I am not sure how these blog post/letters will go. I have been writing weekly letters when abroad since 1990 but most of that travel was working. I always had a lot of contact with local people living in an overseas community. Our tourism was limited mostly to “city breaks” in places like Florence, Dubai or Malta. But there was always the context of living and working abroad. I’m pretty sure I will insulated from local life on a cruise ship I not sure how much these letters will reflect the places we visit or how much they will be observations on cruise life. In these letters, which will also serve as blog posts, I will not have to be concerned about breaching professional confidences will be less concerned about saying something about the local culture that will make it difficult for me to live or work in that culture when read by my colleagues.
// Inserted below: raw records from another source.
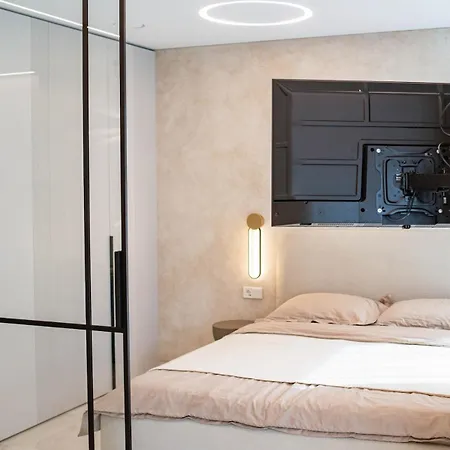 Stylish Next To The Center Vilnius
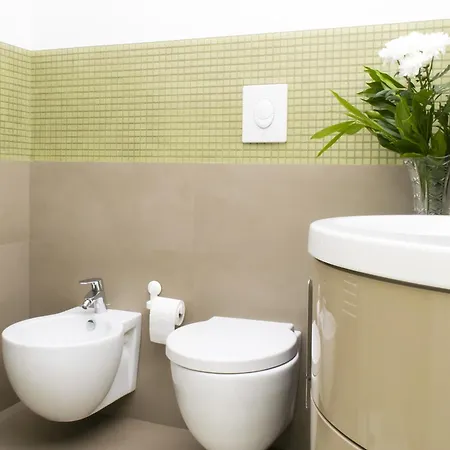B&B La Bouganville 2* Naples
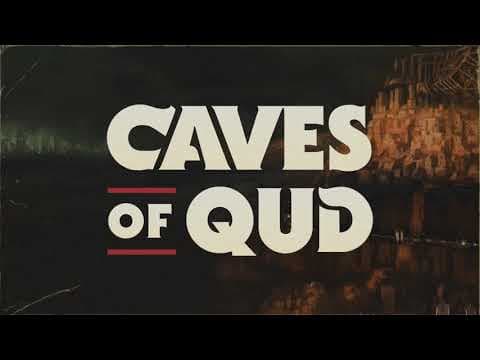 YouTube thumbnail for Craig Hamilton - Overworld [Caves of Qud OST]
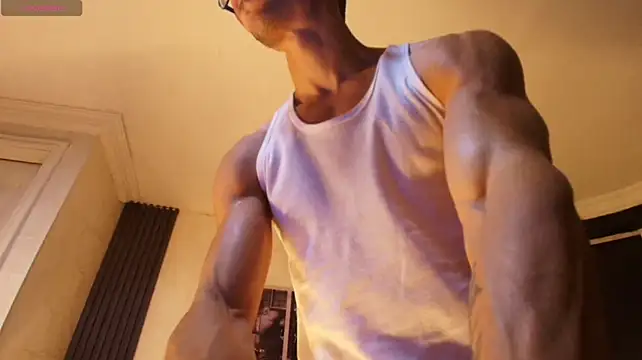 Chat XXX ao vivo de FalconTeam89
I have a tendency to comment about the absurd I see around me. At times living abroad it was a catharsis to write about those absurdities, but I was also very self-edited. I may be a bit freer with observations on a purely tourist trip. I am curious about how that will work out myself.
By the time we got to Seattle Liam’s cold has gone to my head. I was practically deaf for a dinner with Jon Newstrom. Took a hot shower but it didn’t seem to help. I went to bed and at about 2 AM I was awakened by the noise of the heater kicking in. My ear had popped and could hear again. When we got on the plane to Ft. Lauderdale the whole process repeated and I was where I was yesterday, practically deaf. A hot shower, a lot of jaw movement and a night’s sleep brought my hearing back to at least usable.
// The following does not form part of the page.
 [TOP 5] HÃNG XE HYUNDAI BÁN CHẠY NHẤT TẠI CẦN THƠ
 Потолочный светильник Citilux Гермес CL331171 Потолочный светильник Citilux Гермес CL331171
We’re staying on the beach in Ft. Lauderdale and my initial impression was boardwalk town with palm trees. It has the same souvenir stands, beach shops, food joints, frozen custard stands, tattoo parlors, places called “The Elbo Room” and piano bar touts that any jersey shore town has. OK there is no actual boardwalk but a classy art deco corniche but I see the same lights and, if I could hear, I am sure the same sounds. We had dinner in an Italian restaurant where we could catch the sea breeze and that’s where any comparison with Jersey ends. No self-respecting Jersey restaurant would serve Chianti Classico chilled.
In the daylight Ft. Lauderdale looks nothing at all like the Jersey Shore. Many of the Bauhaus/Art Deco buildings across from the corniche are original and look much better without the tropical Holiday/Christmas lights all lit up (Santa’s, trees, and menorahs), more Tel Aviv than Wildwood.
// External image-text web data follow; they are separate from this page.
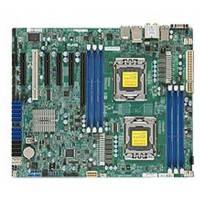 Материнская плата SuperMicro MBD-X9DAL-3-O
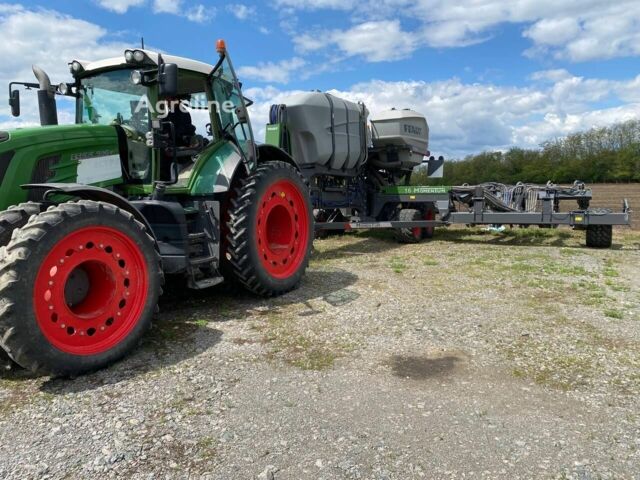 Фендт Другая, об'ємом двигуна 0 л та пробігом 0 тис. км за 229490 $, фото 8 на Automoto.ua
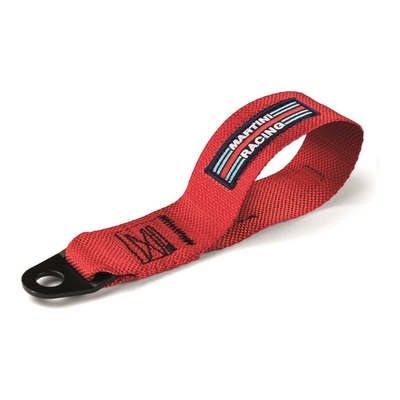 Product Σχοινί για Ρυμούλκηση Sparco S01637MRRS Κόκκινο 15 mm base image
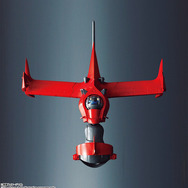 「ポピニカ魂 カウボーイビバップ ソードフィッシュII」8,640円(税込)(C)サンライズ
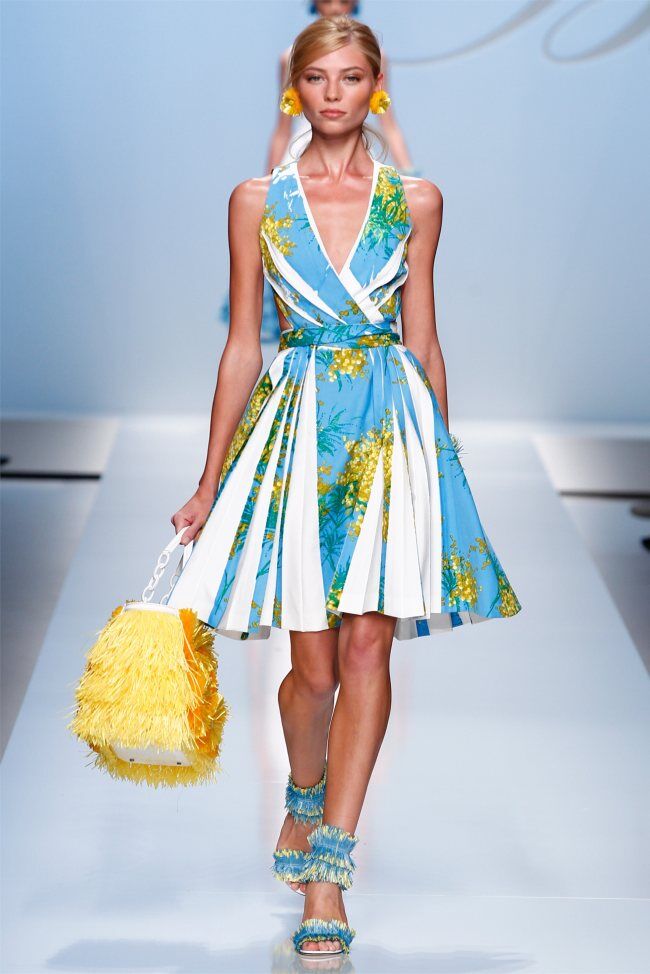 Цвести как роза в новом модном сезоне! Фото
Our room is on the top floor of the Marriott Courtyard. It faces southeast and I left the curtains open so I could catch the sunrise, which did not disappoint. I rolled over and went back to sleep, after all I’m still jet lagging. When I awoke a second time face to face with a window washer in dreadlocks hanging from a contraption slung from the roof. When Suzi and I look North East we see the beach, northwest we can see the cruise port. The ships make those coming to Sitka look tiny. Our ship, the Prinsendam, is small one even for Sitka. I could not make her out among the walls of floating balconies but I’m told she’s there somewhere. I hope so because since we booked this adventure I’ve had a feeling that this whole thing isn’t real. I’d be disappointed to arrive and find no little ship tucked among the leviathans.
I want to get this out while I still have affordable bandwidth. (I already downloaded one ebook this morning.) Insha’Allah we board at 2. The anticipation ends.